There Demas camped for many days. For a while, he remembered the words of the book, heeding their warnings that the cities of that kingdom were evil; but as the days went by, he forgot those words and found himself more often within the city walls. Eventually, finding some carpentry work there, he was able to buy a home. His fellow workers would often try to convince him, but Demas did not them down into the dens of the city, drinking and enjoying every pleasure the city offered him. In time, he became a prestigious man, known for goodness among the people and became a sort of judge of their affairs. This of course happened over many years. Letters came from Titus, and remained unread.

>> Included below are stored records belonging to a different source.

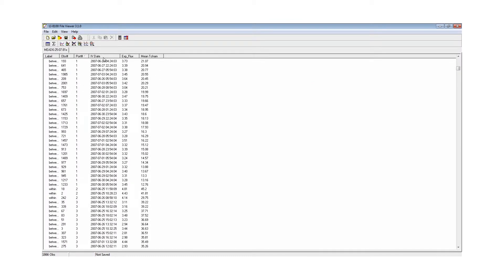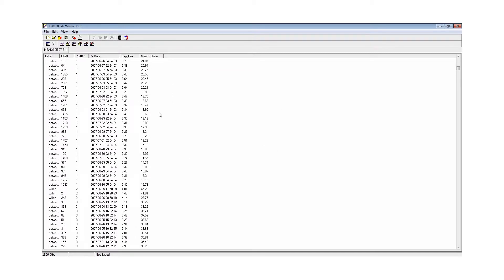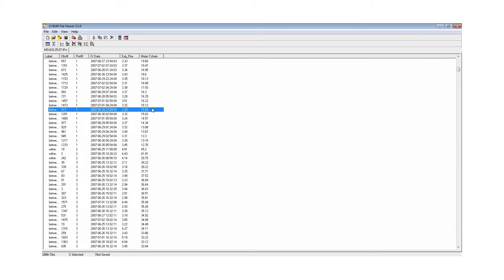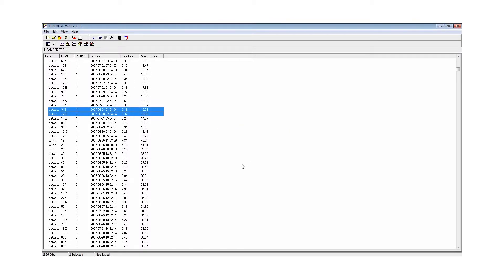It utilizes an easy-to-read table so you can sort through key variables. This gives you the option to include or delete outlier data that may or may not be useful in your final analysis.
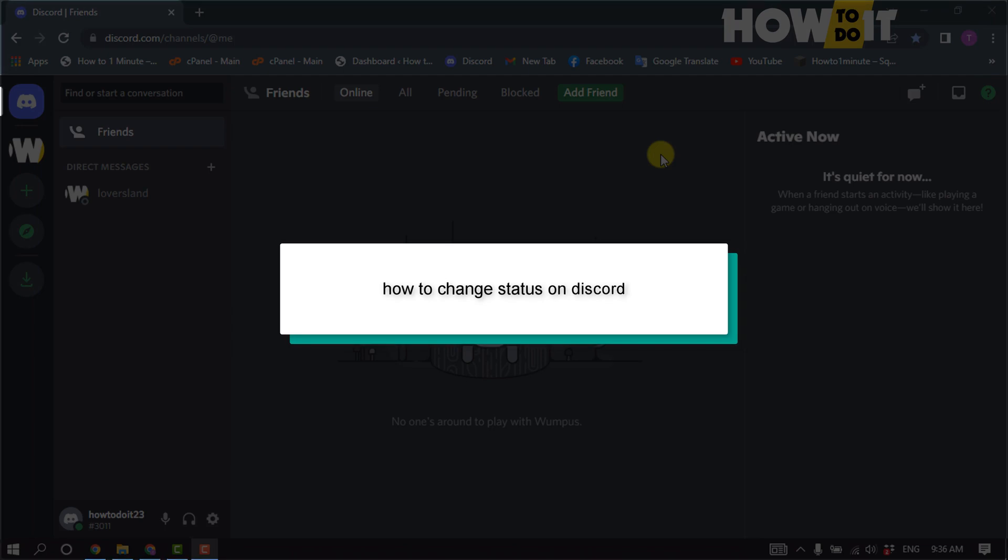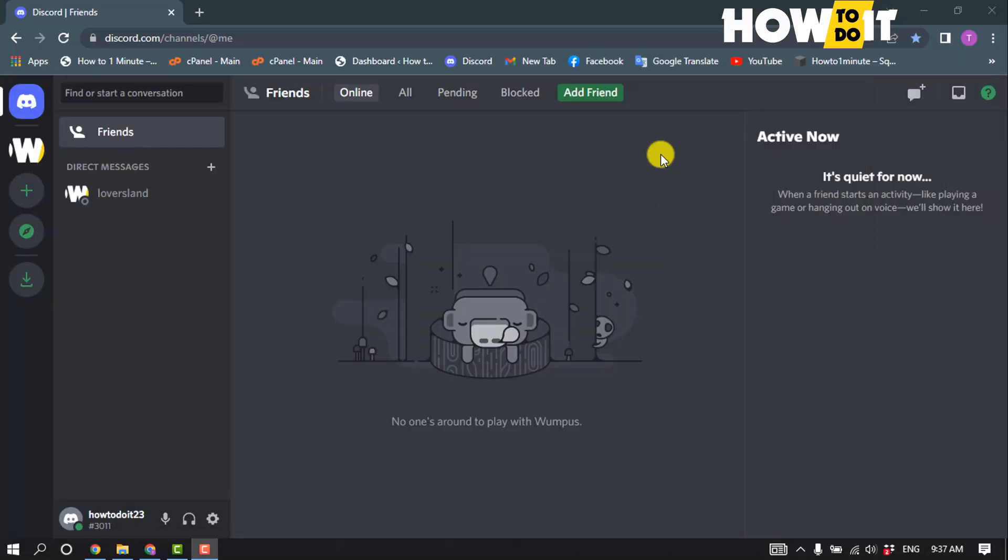Hello friends, in today's video I'm gonna be walking through how to change status on Discord.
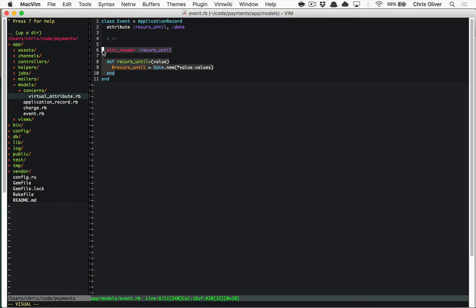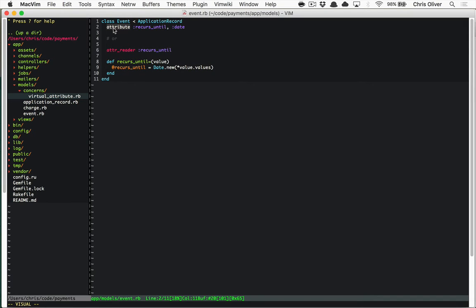The code that we wrote could be abstracted out into a concern and more or less replicate the attribute method that Rails introduced. So I want to talk about how we can refactor our code that we were writing right inside the model and how we can build the same sort of method that they did using metaprogramming.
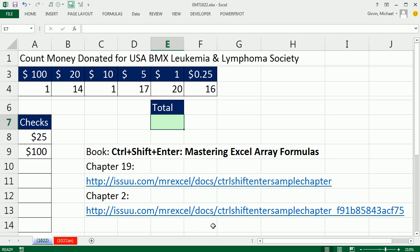There are also two other links below the video. The book 'Control Shift Enter: Mastering Array Formulas' — it's July 22nd, it should be out today or tomorrow. I think the boxes of books got shipped to Amazon. If you'd like to look at some free sample chapters, chapter 19 is a super advanced chapter, and chapter 2 is just a basic introduction to array formulas. The publisher has made these two links available so you can download a sample chapter.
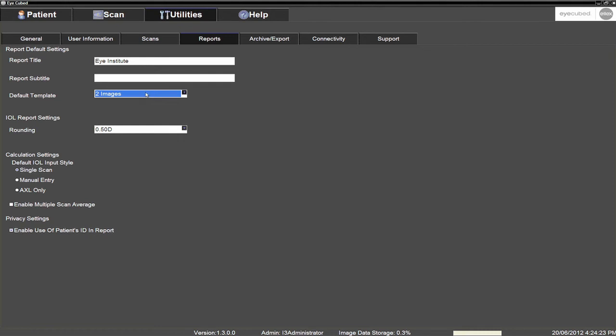Next, make sure that in the Calculation Settings section, both the Multiple Scan Average and Enable Multiple Scan Average options are selected. This will ensure that the average of all axial length measurements is used to calculate the IOL power in biometry mode.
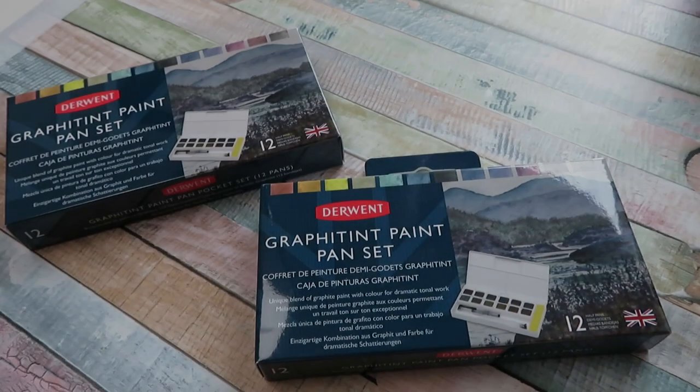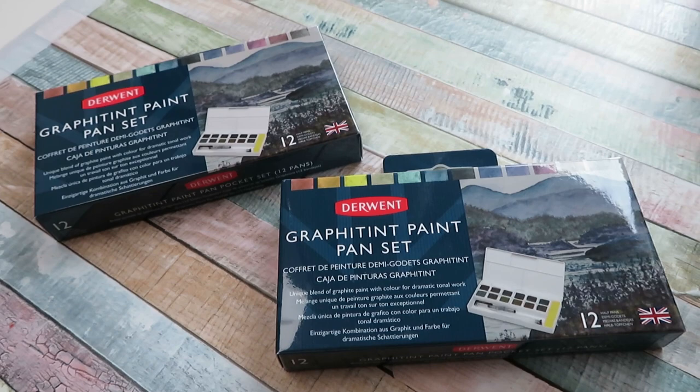Okay, so it's Tuesday the 1st of December and it's time to draw the winners for these two graffiti paint sets.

In the kingdom wherein that little city was, none were aware of the encroaching threat. War was approaching from the south, where an angry warlord crushed all who stood in his way. This news eventually reached the city where Demas sat as judge. Some thought it was just a silly rumor; others held confidence in the armies of their own king. News continued to flow in about the conquest of the warlord: he had moved from city to city, razing them all to ash and dust. Eventually, the warlord’s banners could be seen approaching the village. Demas remembered Titus at that moment, but it was far too late.

Titus, in the mean time, had travelled his long and weary way to the far off kingdom. Over hill and vale, through canyon and crag, he continued his walk, stopping only at night to sleep. The ancient book from his father was his only comfort. He often thought of his old friend Demas along the road, wishing him there beside him. Merchants traveled the same road, and every time they passed him, Titus would give them a letter to give to Demas, though he never knew what became of those epistles.

Eventually, he reached the end of the road; it was cut off by a large and impassable river. He sat and wondered what the next step was. A man approached him (from where, he knew not) and said, “Dear friend, what do you seek?”

“Sir, I seek the far off kingdom, spoken of in this ancient volume,” Titus replied.

The stranger took the book from Titus and read a few pages, then smiled and returned it. “Come with me.” Taking Titus’s hand, the stranger walked towards the river. Though at first apprehensive, Titus felt the strong grip of the man’s hand, and followed joyfully. The moment their feet touched the water, the flow stopped, as though a giant hand held it back. A bridge appeared in the midst of two walls of water, and on this they walked. They reached the other side, and Titus’s eyes were opened: before him lay a massive city with glowing white stone walls. The gates were made of gold that blazed in the sunlight.

“Welcome home, Titus,” the man said with a smile. And, led by the hand through the city, Titus saw things there too wonderful to describe with mere words. There he dwelt in joy to the end of his days and, perhaps, beyond.